Photo Credit: Charles Peterson

The Deluxe Editions of Rehab Doll and Dry As a Bone will be available Friday, January 25th worldwide via Sub Pop.

You can now hear remastered versions of the riff-heavy title track from Green River’s Rehab Doll, and the bluesy grind of ‘Unwind’ from Dry As a Bone. Both albums will be available as expanded and remastered deluxe editions from Sub Pop on CD/2xLP/DL worldwide January 25th, 2019. Jack Endino served as the executive producer for the project excavating & restoring tapes, mixing, remixing & mastering both packages.

 Rolling Stone had this to say of Rehab Doll: “Proto-grunge at its best, its mud-dipped tracks breaking down and building themselves back up in real time.
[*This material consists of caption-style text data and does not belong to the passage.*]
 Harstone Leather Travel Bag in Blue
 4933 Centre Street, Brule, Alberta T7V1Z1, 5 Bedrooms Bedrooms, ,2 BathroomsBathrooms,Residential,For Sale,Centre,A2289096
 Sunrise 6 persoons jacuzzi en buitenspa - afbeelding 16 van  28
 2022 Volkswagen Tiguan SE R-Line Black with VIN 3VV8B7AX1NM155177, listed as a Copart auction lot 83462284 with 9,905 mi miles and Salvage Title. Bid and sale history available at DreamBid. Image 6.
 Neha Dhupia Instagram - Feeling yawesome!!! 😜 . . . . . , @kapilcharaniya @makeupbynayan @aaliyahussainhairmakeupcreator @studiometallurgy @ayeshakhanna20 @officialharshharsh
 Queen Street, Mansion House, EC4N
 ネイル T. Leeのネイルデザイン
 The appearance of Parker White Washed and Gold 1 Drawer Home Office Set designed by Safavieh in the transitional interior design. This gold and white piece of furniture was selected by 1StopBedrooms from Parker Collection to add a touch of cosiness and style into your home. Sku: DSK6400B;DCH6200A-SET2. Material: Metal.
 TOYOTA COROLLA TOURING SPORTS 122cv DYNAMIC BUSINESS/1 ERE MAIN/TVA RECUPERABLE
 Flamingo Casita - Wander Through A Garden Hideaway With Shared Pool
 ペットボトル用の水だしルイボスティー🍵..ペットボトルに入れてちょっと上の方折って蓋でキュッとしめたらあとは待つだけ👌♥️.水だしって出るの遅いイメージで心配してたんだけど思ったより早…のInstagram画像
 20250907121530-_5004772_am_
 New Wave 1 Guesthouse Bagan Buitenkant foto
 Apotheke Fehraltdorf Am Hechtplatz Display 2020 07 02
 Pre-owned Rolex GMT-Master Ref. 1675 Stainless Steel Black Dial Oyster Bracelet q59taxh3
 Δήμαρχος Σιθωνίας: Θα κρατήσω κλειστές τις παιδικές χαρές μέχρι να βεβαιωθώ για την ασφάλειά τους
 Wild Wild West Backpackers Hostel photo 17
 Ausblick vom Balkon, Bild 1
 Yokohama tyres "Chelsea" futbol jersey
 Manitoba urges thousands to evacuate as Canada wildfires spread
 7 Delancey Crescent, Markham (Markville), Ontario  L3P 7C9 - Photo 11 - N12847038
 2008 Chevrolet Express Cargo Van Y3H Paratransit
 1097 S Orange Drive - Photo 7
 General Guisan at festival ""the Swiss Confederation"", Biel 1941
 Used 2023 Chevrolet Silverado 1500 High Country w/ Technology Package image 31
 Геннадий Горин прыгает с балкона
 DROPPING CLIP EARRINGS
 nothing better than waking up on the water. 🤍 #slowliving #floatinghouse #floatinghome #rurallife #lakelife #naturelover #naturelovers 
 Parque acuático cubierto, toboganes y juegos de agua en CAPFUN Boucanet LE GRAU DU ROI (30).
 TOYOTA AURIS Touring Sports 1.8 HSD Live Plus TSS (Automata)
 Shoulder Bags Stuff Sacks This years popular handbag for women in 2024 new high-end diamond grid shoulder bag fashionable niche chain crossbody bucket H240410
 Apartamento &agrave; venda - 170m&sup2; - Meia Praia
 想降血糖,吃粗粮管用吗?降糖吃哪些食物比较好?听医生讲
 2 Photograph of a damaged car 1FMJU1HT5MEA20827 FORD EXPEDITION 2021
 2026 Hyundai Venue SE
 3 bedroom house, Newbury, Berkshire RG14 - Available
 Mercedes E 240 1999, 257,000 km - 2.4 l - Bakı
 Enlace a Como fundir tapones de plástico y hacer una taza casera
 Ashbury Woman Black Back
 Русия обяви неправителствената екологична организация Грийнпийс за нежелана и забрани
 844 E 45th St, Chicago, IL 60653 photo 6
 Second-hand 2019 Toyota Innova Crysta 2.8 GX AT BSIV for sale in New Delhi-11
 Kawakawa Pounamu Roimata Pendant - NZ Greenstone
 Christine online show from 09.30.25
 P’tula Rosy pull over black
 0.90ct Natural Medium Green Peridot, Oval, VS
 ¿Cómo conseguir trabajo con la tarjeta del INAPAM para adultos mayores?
Frontman Mark Arm (later of Mudhoney) sounds like he gargled with lye before cutting tracks like the boogie-gone-bad ‘Together We’ll Never,’ while the band’s rip-roaring cover of David Bowie’s ‘Queen Bitch’ (originally only available on the album’s cassette release) hints at the wry humour that would animate much of the Seattle scene’s best moments.” And Magnet Magazine offers this, “Not only did Green River exemplify the collision of punk, metal and classic rock that became the early Seattle sound’s calling card, it eventually spawned some of the most recognizable faces of the grunge era….Green River sound is exactly what you would expect, with the tension of competing styles (Arm’s unhinged, punk-rock shriek vs. Gossard and Ament’s bluesy metal wanking) forming a singular, if combustible, mix….The impact is something akin to a beer bottle to the head, and it still reverberates 20 years later.”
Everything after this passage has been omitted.